May 21, 2020 report
WISE J135501.90-825838.9 is a young, extremely low-mass substellar binary, study finds
Using data from NASA's Wide-ﬁeld Infrared Survey Explorer (WISE), astronomers have investigated a nearby binary system designated WISE J135501.90-825838.9. The new research reports that the studied object is a young, extremely low-mass substellar binary. The finding is detailed in a paper published May 13 on the arXiv pre-print repository.
Binaries with masses not exceeding 0.1 solar masses and ages below 300 million years are generally known as very-low-mass, young binaries. Astronomers are especially interested in the least massive systems of this group, as such objects could provide essential information regarding stellar evolution models.
However, extremely low-mass, young binaries are relatively rare. This is mainly due to the difficulty in locating and identifying such faint systems. To date, the lowest-mass binary detected is 2MASS J11193254-1137466AB, around 10 million years old, with a total estimated mass of some 7.4 Jupiter masses.
Now, a group of astronomers led by Christopher A. Theissen of the University of California San Diego, reports that a nearby system, known as WISE J135501.90-825838.9 (or WISE J1355-8258 for short), is an another example of an extremely low-mass, young binary.
Using the single-epoch astrometry from WISE and the reactivated NEOWISE mission, Theissen's team found that the distance to WISE J1355-8258 is approximately 54.5 light years. This strongly suggests (with a probability of 95.6 percent) that the system is a member of the AB Doradus moving group. Given that AB Doradus is between 130 and 200 million years old, this could also confirm the young age of WISE J1355-8258.

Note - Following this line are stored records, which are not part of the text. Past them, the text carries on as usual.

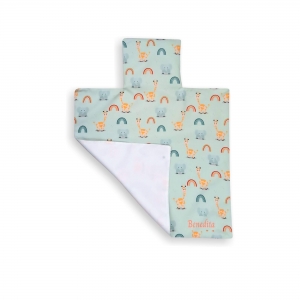 TROCA-FRALDAS PERSONALIZ�VEL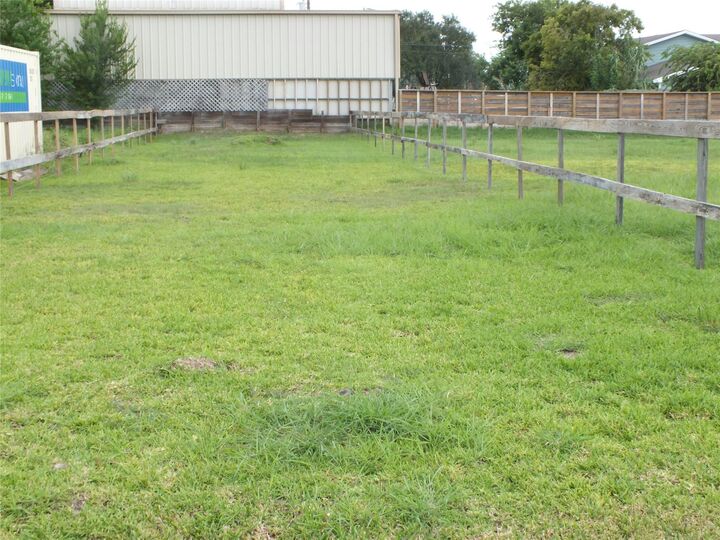 Property Photo:  1045 15th Street  TX 77539 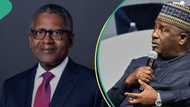 Bayan Dangote, shima Abdul Samad BUA ya yi asarar dala biliyan 2.7, an gano dalili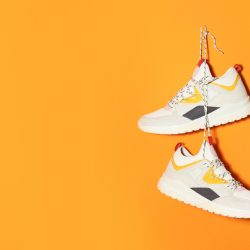 reselling sneakers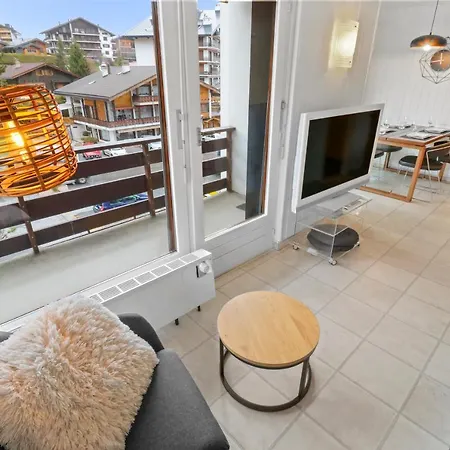 Au Coeur De - 6 Pers - Balcon * 넨다즈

"We find using BANYAN Σ that WISE J1355-8258 has a 95.6 percent probability of being a member of AB Doradus, a 3.4 percent probability of being a member of β Pic, and a 1 percent probability of being a field object," the paper reads.
Furthermore, the study found that the components of WISE J1355-8258 have spectral types L7 and T7.5, while their masses are about 11.0 and 9.0 Jupiter masses, respectively. This makes the system the second lowest mass binary known to date.
However, the astronomers note that previous observations suggest a much higher total mass of WISE J1355-8258, one even pointing to 133 Jupiter masses. They noted that such scenario can not be definitely excluded at the moment, and a more precise parallax solution is required to rule out the possible high-mass of both components.
"With a total mass of ∼ 20 MJup, WISE J1355-8258 is the second-lowest mass binary known, with 2MASS J11193254-1137466AB being the lowest-mass binary currently known (Mtot ≈ 7.4 MJup; Best et al. 2017). Our parallax solution also disfavors Case 1 (Mtot ≈ 133 MJup) and Case 2 (Mtot ≈ 112 MJup) from Bardalez Gagliuffi et al. (2018) at the 3-σ and 2-σ levels, respectively," the astronomers concluded.